Great Basses Reef Lighthouse
This is perhaps the most interesting of Sri Lanka’s lighthouses; the Great Basses Reef Lighthouse is situated 13km off the coast of Yala National Park on the south of the island, and it is one of the few offshore lighthouses in the whole of Asia. Construction for the lighthouse began in 1870 and was completed 3 years later when Sri Lanka was still a colony of Britain. The lighthouse itself is very beautiful as its white tower is set against the azure ocean, but an added bonus is that the reef around the lighthouse is teeming with different species of coral and fish, so when you’re there you must go snorkelling.
Dondra Head Lighthouse
Proudly known as Sri Lanka’s tallest lighthouse, the Dondra Head Lighthouse, located in the Matara district at the southernmost point of the island, was constructed in 1890 with materials that were imported from all over the UK. The lighthouse has withstood the test of time, and today it stands tall dwarfing its surrounding coconut trees, making it a picturesque spot.

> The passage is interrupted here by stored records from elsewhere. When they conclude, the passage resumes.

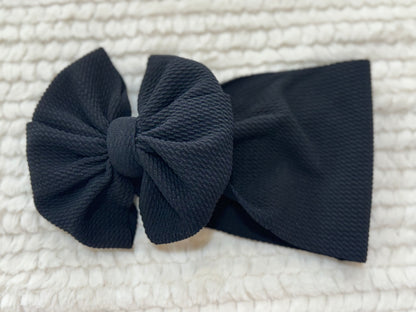 black bow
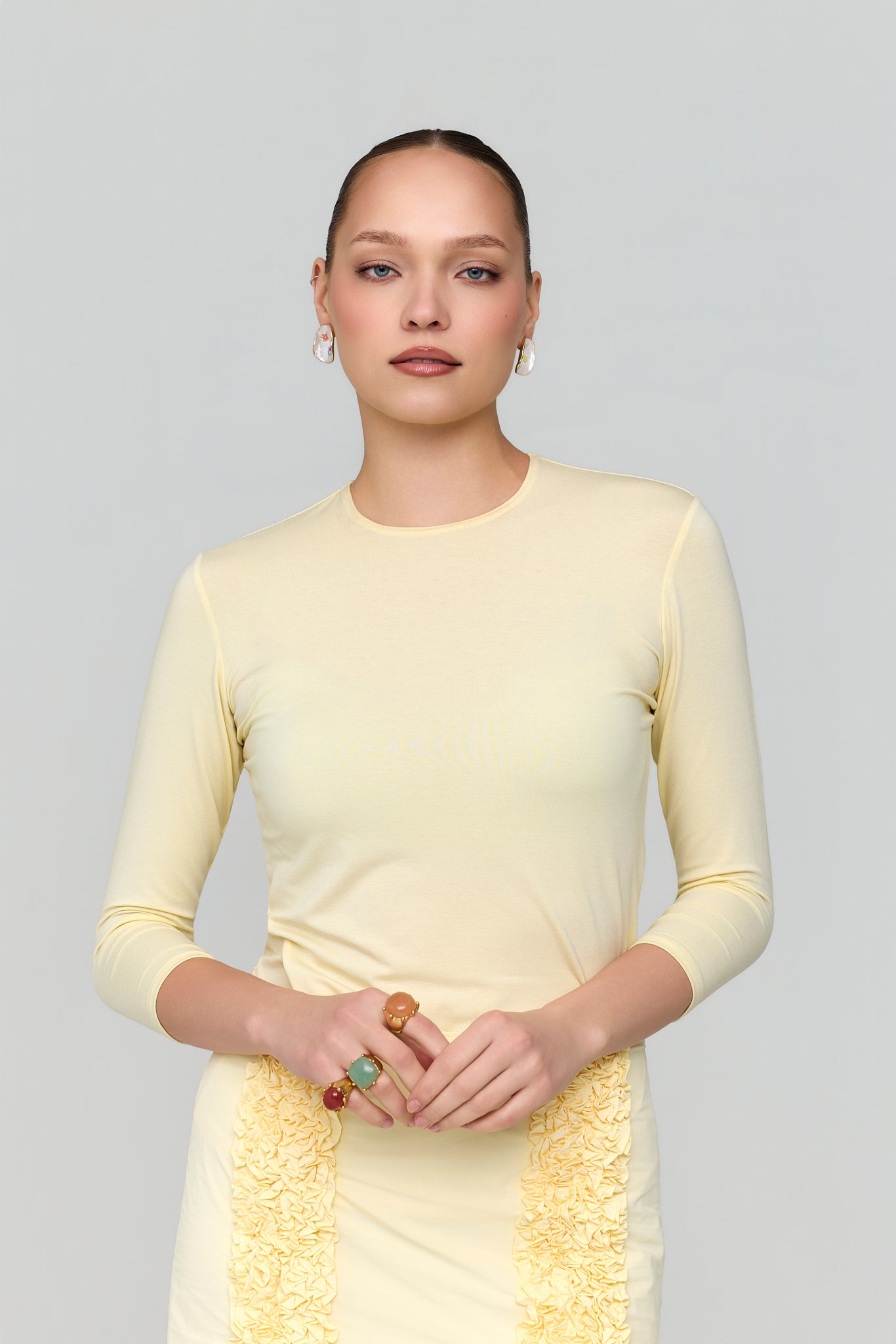 Modal 3/4 Sleeve Shell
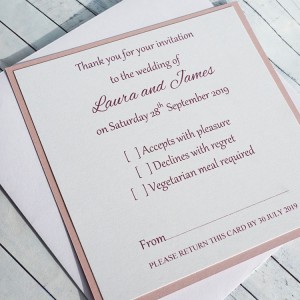 IONA Handmade reply cards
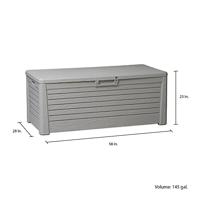 Toomax kussenbox florida 147x71x60cm warm grijs - thumbnail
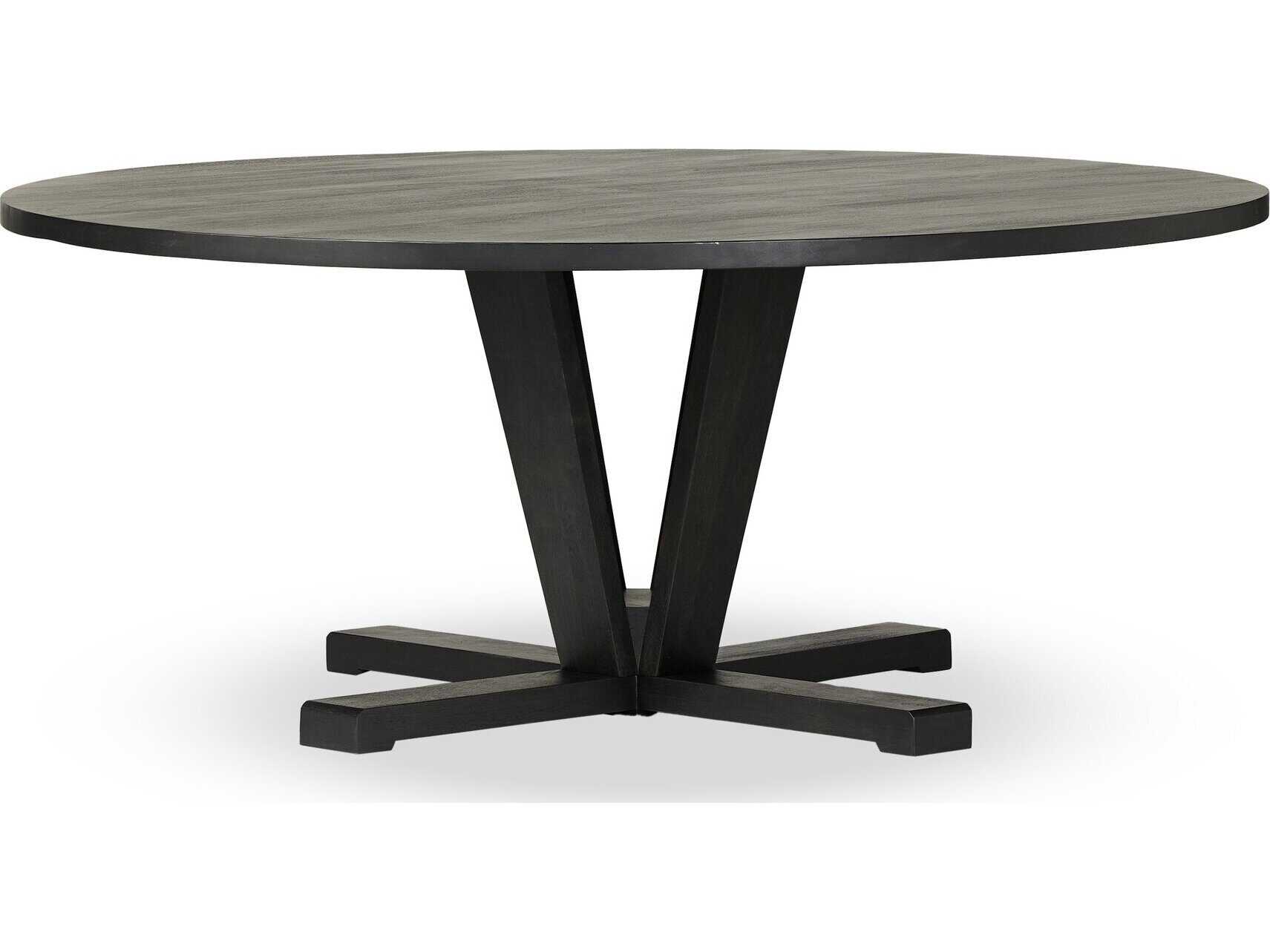 Four Hands Harmon Cobain Round Wood Dining Table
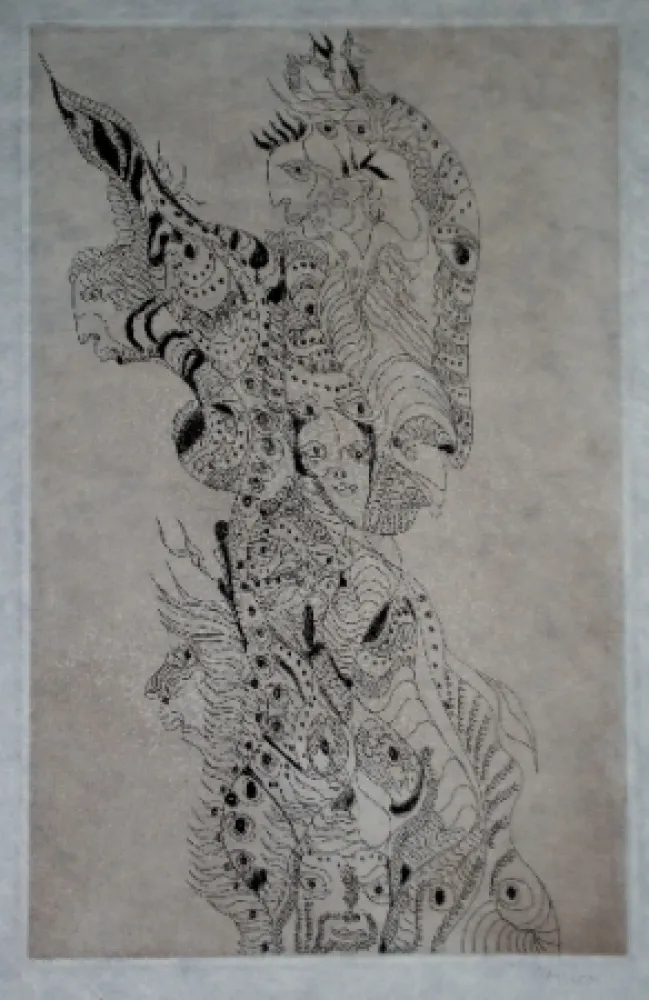 Acquaforte E Acquatinta Zurn - Oracles et spectacles (4)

The Batticaloa Lighthouse is a relatively new one- built in 1913- and one of the country’s smaller lighthouses. It is just 5km from Batticaloa town and it is surrounded by the lagoon. One way to get to the lighthouse is by boat, which is a must in Sri Lanka because the mangroves of the lagoon are home to some endemic animals and plants.
The Colombo Lighthouse was constructed in 1952 after the Old Colombo Lighthouse was deactivated when skyscrapers obstructed its light. The Colombo Lighthouse was opened by the first Prime Minister of Ceylon. There are four statues of lions at the base of the tower which is 95ft tall. It had a panoramic view of the ocean making it a popular landmark, however, during the Civil War, the area was closed off since it was opposite a naval base. Today, the lighthouse is still functional and people can visit it, but it is no longer close to the ocean due to the construction of the Colombo Port City.
Galle Lighthouse, also known as Point de Galle Light, is an onshore lighthouse situated within the Galle Fort. This is Sri Lanka’s oldest light station, dating back to 1848. The lighthouse that stands today, however, is not the original one; the one you see today was built in 1939 after the first lighthouse was destroyed in 1934 by a fire. Nevertheless, this lighthouse is unique because of its location, and it is still functional as it is at the southern end of the ramparts. You should go to the ramparts in the evening and watch the sunset from there, washing the lighthouse is a pinkish glow.